Éclairée par ces conclusions, il appartient désormais à la CJUE de prendre une décision d’ores et déjà fortement attendue par les opérateurs économiques. À cet égard, il est rappelé que les conclusions de l’avocat général ne lient pas la Cour de justice. La mission des avocats généraux consiste à proposer à la Cour, en toute indépendance, une solution juridique dans l’affaire dont ils sont chargés. Mais, il apparaît que dans une grande majorité de ses arrêts, la CJUE a suivi les conclusions de l’avocat général.





Bibliographie


  • Conclusions de l’Avocat Général, M. Gerard Hogan, présentées le 12 mai 2021 Affaire C‑124/20, Bank Melli Iran, Aktiengesellschaft nach iranischem Recht contreTelekom Deutschland GmbH
  • Communiqué de presse n° 78/21, CJUE, Luxembourg, le 12 mai 2021 Conclusions de l’avocat général dans l’affaire C-124/20 ank Melli Iran, Aktiengesellschaft nach iranischem Recht/Telekom Deutschland GmbH
  • Dalloz actualité 31 mai 2021, « Sanctions américaines : la CJUE appelée à interpréter la loi de blocage de l'Union européenne, CJUE, concl., 12 mai 2021, Bank Melli Iran, aff. C-124/20, Veronika Rébier, Dictionnaire permanent Droit européen des affaires
  • Revue Internationale de la Compliance et de l’Ethique des Affaires – Supplément à La Semaine Juridique Entreprise et Affaires N° 26 du jeudi 28 juin 2018, « Le retrait des États-Unis du JCPOA et le rétablissement de sanctions américaines : Une réponse nécessairement politique pour assurer la protection des entreprises françaises et européennes », Olivier Dorgans, avocat à la Cour ;





[1] Les 5 membres permanents du Conseil de sécurité des Nations unies les États-Unis, la Russie, la Chine, la France et le Royaume-Uni

[2] Art. 5 du règlement (CE) n° 2271/96 du Conseil du 22 novembre 1996 : « Aucune personne visée à l'article 11 ne se conforme, directement ou par filiale ou intermédiaire interposé, activement ou par omission délibérée, aux prescriptions ou interdictions, y compris les sommations de juridictions étrangères, fondées directement ou indirectement sur les lois citées en annexe ou sur les actions fondées sur elles ou en découlant.

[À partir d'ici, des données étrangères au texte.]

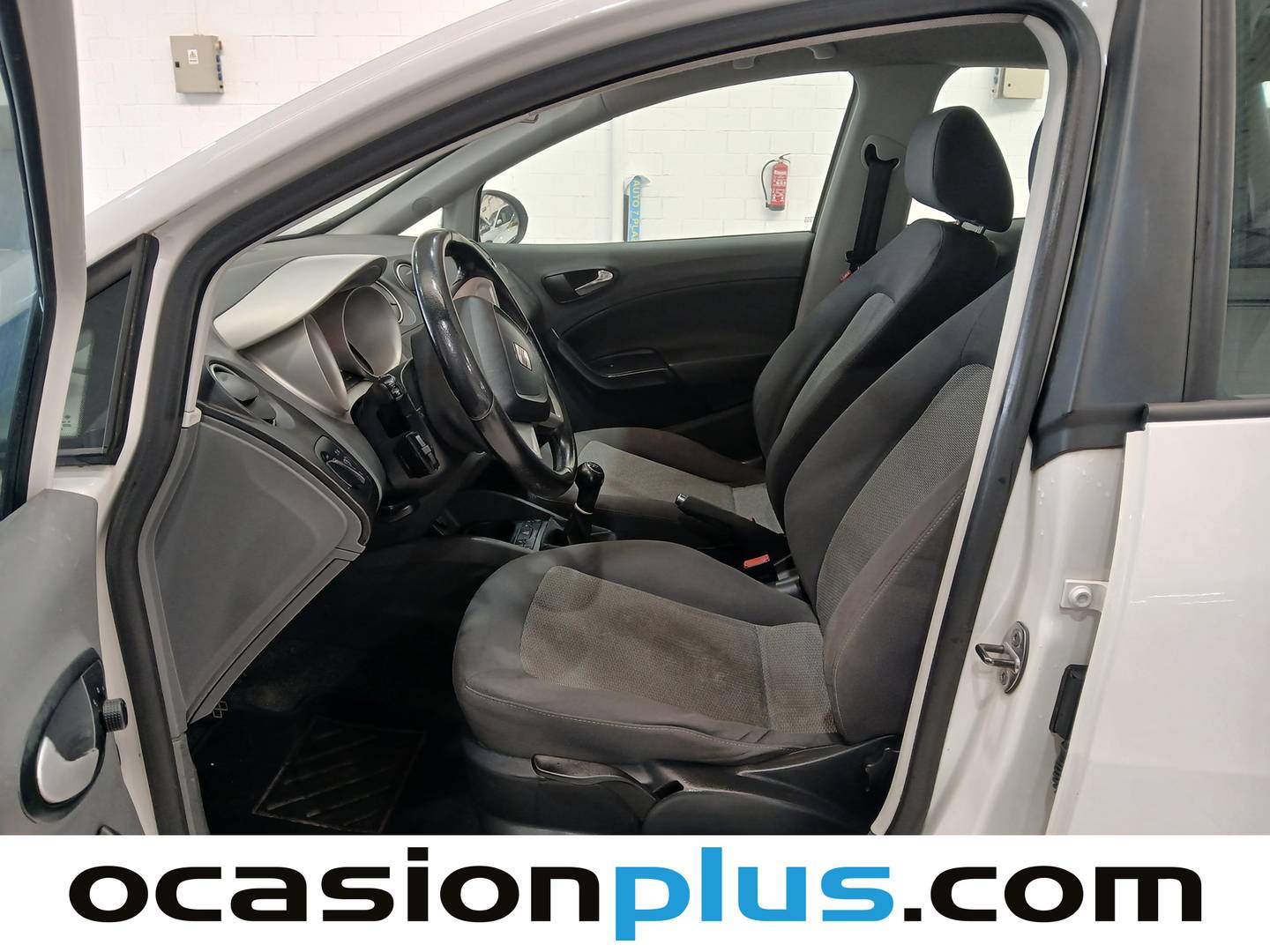 Foto asientos traseros Seat Ibiza Seat Ibiza 1.6 TDI DPF Style  (105 CV)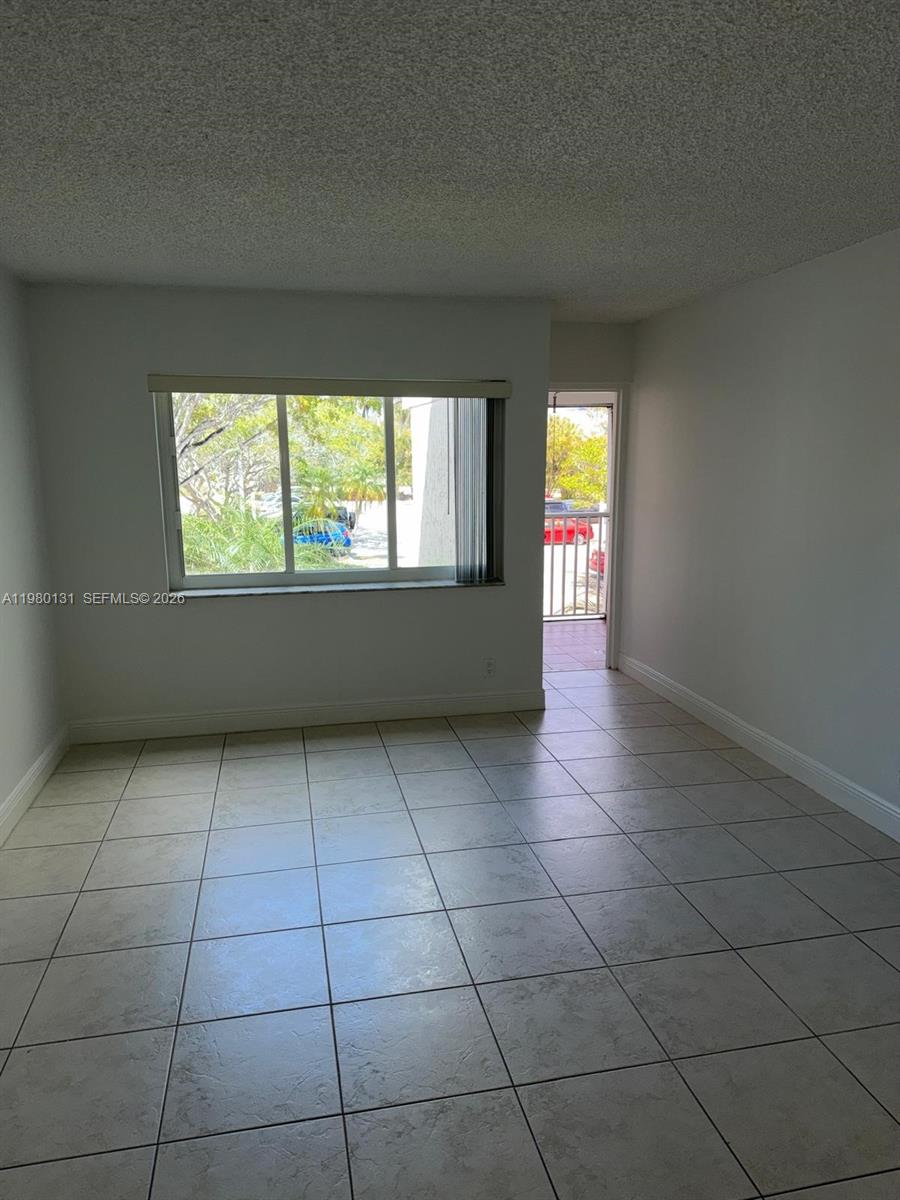 BUILDING THREE OF RACQUET - Residential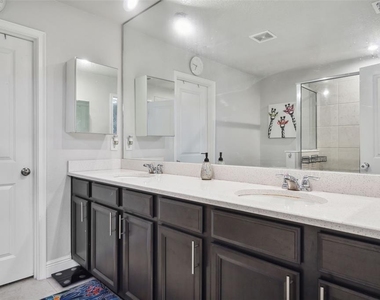 5950 Grand Sonata Avenue - Photo Thumbnail 19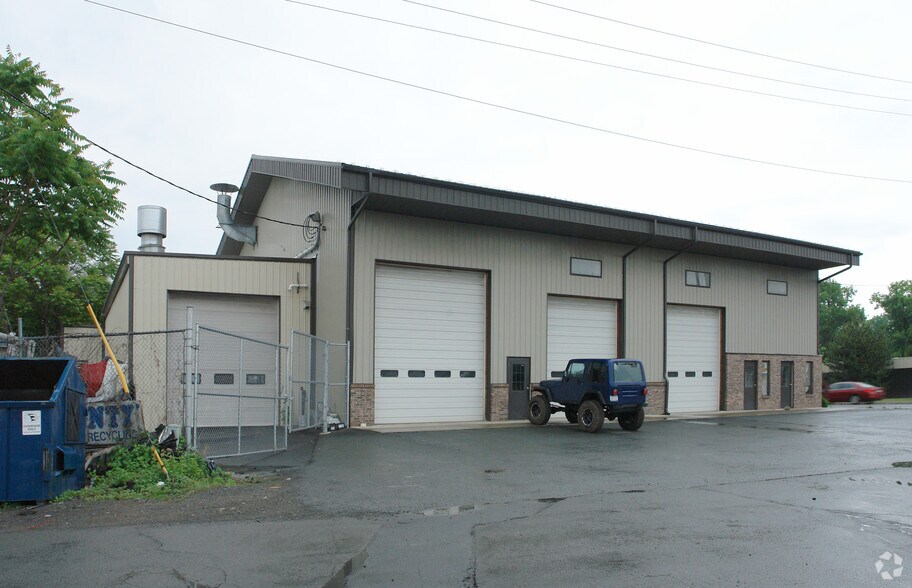 More Photos Of 15 Lower Hudson Ave, Green Island Auto Repair For Lease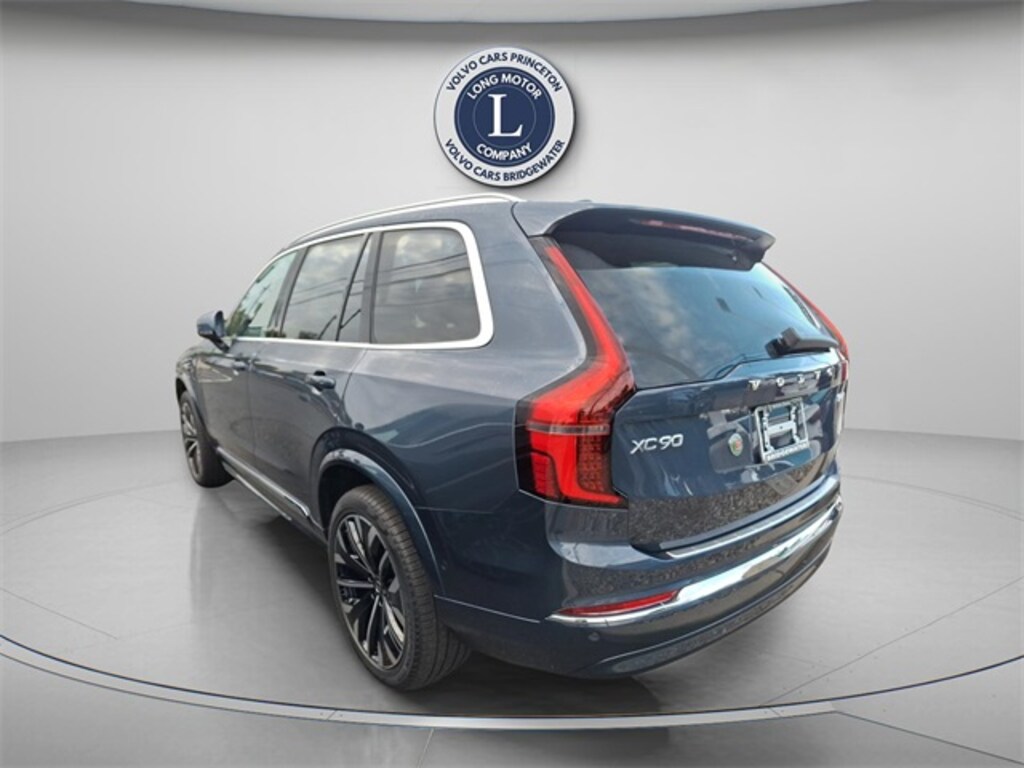 New 2026 Volvo XC90 plug-in hybrid T8 Plus 7-Seater SUV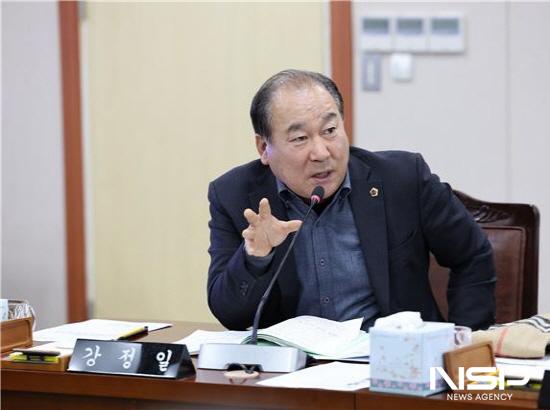 NSP통신-강정일 의원 건설교통국 행정사무감사에서 질의 (= 전남도의회)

[3] Note d'orientation de la Commission et du règlement d'exécution (UE) 2018/1101 de la Commission du 3 août 2018 établissant les critères pour l'application de l'article 5, deuxième alinéa, de la loi de blocage de l'UE.

[4] Le renvoi préjudiciel permet aux juridictions des États membres, dans le cadre d’un litige dont elles sont saisies, d’interroger la Cour sur l’interprétation du droit de l’Union ou sur la validité d’un acte de l’Union. La Cour ne tranche pas le litige national. Il appartient à la juridiction nationale de résoudre l’affaire conformément à la décision de la Cour. Cette décision lie, de la même manière, les autres juridictions nationales qui seraient saisies d’un problème similaire.